And then came the IP address that shouldn’t exist: 192.168.0.2. A private node. Untraceable. Yet it had transmitted nearly 10% of Metro Manila’s results—plus Cavite, Batangas, and others—within the first hour after polls closed.
Eliseo Rio, former DICT Secretary, laid it bare:
• 39, 512 precincts transmitted 20.6 million votes in just 53 minutes.
• That’s 746 ERs per minute, or 12.4 per second.
• A world record.
• And yet, in second hour, rate dropped to 446 ERs per minute.
• Comelec couldn’t explain the sudden slowdown.
This wasn’t just a glitch. It was choreography. A digital ballet performed at impossible speed—then abruptly slowed. And no one asked why. Ugh.
The Ghost of the Electorate: When Memory Fails and Popularity Prevails
Now let’s talk about the other ghost—the electorate.
CLTG Builders, owned by Bong Go’s father, bagged P816 million worth of infrastructure projects in 2017 through joint ventures with the Discayas. By the end of that year, their contracts ballooned to over P3 billion.
Despite the optics, despite the proximity to power, despite the unanswered questions— the voters raised his hand. In the last senatorial race, Bong Go, despite controversies surrounding CLTG Builders and its billion-peso contracts in Davao, emerged as the number one senator.
This isn’t just about one candidate. It’s about a pattern:
• Where name recall trumps track record
• Where shenanigans are shrugged off as strategy
• Where the electorate forgets faster than the system can fail
When Waters Rise, So Must Accountability
The recent flood control corruption scandal has only deepened the wound. Senator Lacson’s exposé revealed ghost projects, kickbacks, and budget insertions that siphoned billions from public coffers.
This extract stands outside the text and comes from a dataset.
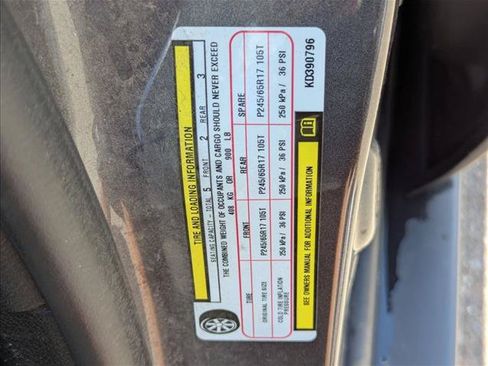 Used 2019 Jeep Cherokee Trailhawk AWD/4WD image 15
Bong Go’s CLTG case foreshadowed this. The mechanisms were the same:
• Contractor monopolies
• Political patronage
• Opaque bidding process
And the consequences? Flooded streets, ruined livelihoods, and the haunting knowledge that P1.9 trillion may have been misappropriated over 15 years.
Ghosts’ Fingerprints – Identical is the Clue
Eerily, the ghosts left behind fingerprints—uncannily identical, unmistakably deliberate.
In the 2022 presidential elections, those fingerprints were digital. Columnist Jarius Bondoc in the Philippine Star revealed the vote tallies in several Manila precincts that bore a disturbing pattern.
The rest of the presidential candidates received similarly uniform vote counts—an absurdity that defies statistical logic.
“Statistically impossible,” said former DICT Secretary Eliseo Rio. “It could only have been done by manipulation.” He pointed out that even seasoned public figures like Senator Panfilo Lacson and boxing icon-turned-senator Manny Pacquiao received zero votes in dozens of precincts—an outcome that strains credulity.
“Anyone with average IQ will easily see fraud in the identical votes,” Rio added. ‘Did someone arbitrarily assign numbers to the five [presidential candidates]?”
The implication was chilling: not just error, but orchestration.
Fast forward to the present flood control scandal, and the fingerprints reappear—this time, manually etched into public records. Investigative journalist Iris Gonzales, also writing for The Philippine Star, exposed a similar pattern in her column Splitting Contracts: The Secret to Corruption.
She obtained a copy of the DPWH’s Post-Contract Award Disclosure for January 2024, detailing 83 projects under the Bulacan First District Engineer’s Office. What she found was startling.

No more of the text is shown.